We decided to go to Gems World Academy for year 2 and 5...
Not British Curriculum though


----------



## me..me..me

rsinner said:


> You are looking at the best schools in AD so obviously getting a seat will be challenging.
> I would take the assessment reports with a pinch of salt.
> 
> Anyways;
> 
> My son goes to Repton. We are quite happy, though we wish that the campus was much larger than what it is. We like the teaching style (and the "curriculum" they follow) but with a 5 year old there is only so much we expect of the teaching. Good choice of ECAs but they have limited the number of Repton ECAs (which are free) that a child can enroll into.


Thanks for the reply much appreciated. I understand that the best schools will always be tough but looking at a lot of the other schools there is a limited number of British/Aussie/European children in them. Not that this is the be all and end all but equally as a first school away from home I am concerned that we don't make it too much of a change. I think they will find it easier in a school with a good mix but a good percentage of British maybe as well.
Do you know of any schools that are 'easier' to get in with a decent % of expat kids from Brit/European/Aussie backgrounds. 
Thanks for your help everyone.

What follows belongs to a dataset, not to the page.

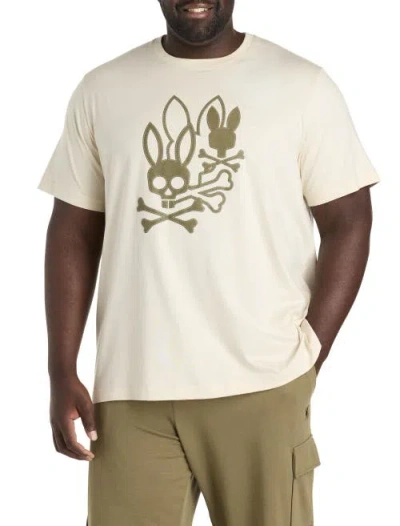 Psycho Bunny Big & Tall Aussie Graphic Tee In White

This thread is a good one.


----------



## me..me..me

Adlia2015 said:


> We decided to go to Gems World Academy for year 2 and 5...
> Not British Curriculum though


Thanks for that. Did you get them in for a January 16 start then? I'll give them a look up and a try as well. Good information. Is it International Baccalaureate?


----------



## Adlia2015

me..me..me said:


> Thanks for that. Did you get them in for a January 16 start then? I'll give them a look up and a try as well. Good information. Is it International Baccalaureate?

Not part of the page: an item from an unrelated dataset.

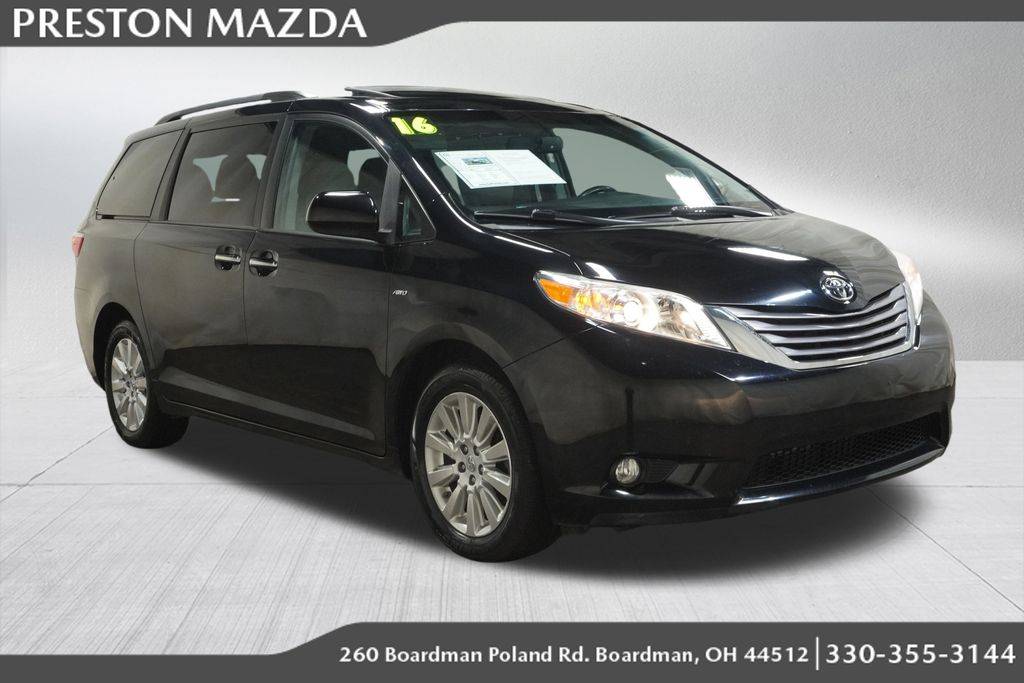 2016 Toyota Sienna XLE — Minivan — 130,188 mi — Boardman, OH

No we will start in November so they can go the next grade (from 1 to 2). They will not finish school this year in OZ.

Yes it is International Bacceleaurate.


----------



## SuzQ

We moved over last December from OZ. We were lucky and got the kids accepted to start at BISAD in the January term. I actually found though that most of the schools weren't really interested until we'd arrived. 

There IS movement so keep talking to the schools - make sure they know you LOVE their school!

Good luck.
Susie 😃


----------



## Stevesolar

Hi,
We found it difficult when speaking to schools in Abu Dhabi - as we only have 1 child.
My wife's colleagues were looking at the same time as us and had plenty of interest from the schools - difference being they had 3 kids!
Funny that - kerching noise coming from the cash registers!
Cheers
Steve


----------